Gustaitis discovered rugby as a freshman at University and began to receive invitations to national team camps shortly thereafter. Despite an initial focus on 15s, she crossed over to sevens to achieve a dream of making the Olympics. After missing out on inclusion in the roster for the 2016 Rio Olympics, she weighed giving up the sport entirely.

==Professional career==

=== USA Sevens ===
Gustaitis was part of the USA Women's Sevens roster for the 2018 Sevens World Cup in San Francisco, CA, where she led the U.S. to a fourth-place finish. She was also on the roster for 2019 Pan American Games where they finished second. Gustaitis also was part of the team that won the first-ever gold medal HSBC series win for the US Women in Biarritz, France as well as the team that won the first home tournament win in Colorado.

Gustaitis was captain for Team USA at the 2021 Tokyo Olympics. The US would finish just shy of the medal rounds after losing in the quarterfinals to Team GB.

In January 2022, Gustaitis was surprisingly dropped from the US Women's program by head coach Emilie Bydwell.

=== Premier Rugby Sevens ===
Gustaitis was named part of the initial 10 ambassadors for Premier Rugby Sevens 2021 Inaugural Championship. She was initially named captain of the Loggerheads' women's team, however due to injury was unable to compete.

In 2022, Gustaitis moved to the Headliners team. She played a key role for the team that would win both the women's series championship as well as the first United Championship.

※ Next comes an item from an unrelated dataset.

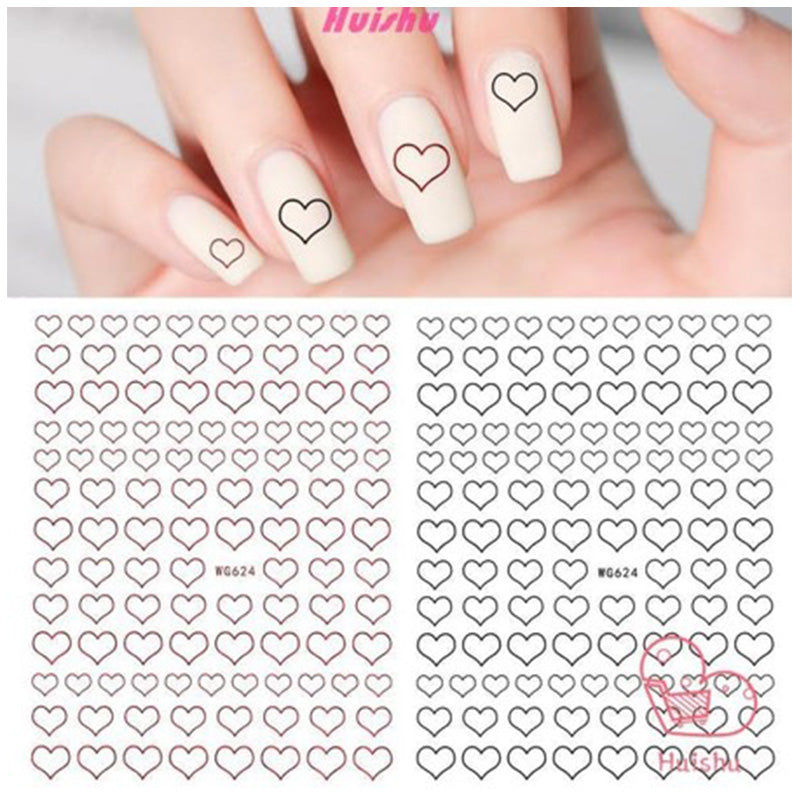 Sticker WG624 Corazones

She would return to the Headliners in 2023. She would be named Player of the Tournament for the Eastern Conference Finals in Pittsburgh. The Headliners would ultimately qualify for the 2023 Championship but finish fourth after losing to the New York Locals in the semifinals.

=== Post-International Career ===
Gustaitis has been a color commentator World Rugby, NBC Sports and Premier Rugby Sevens. She is also an ambassador for HSBC and their global program focused on women's rugby. She was named an assistant coach of the US Naval Academy's women's rugby team in 2023.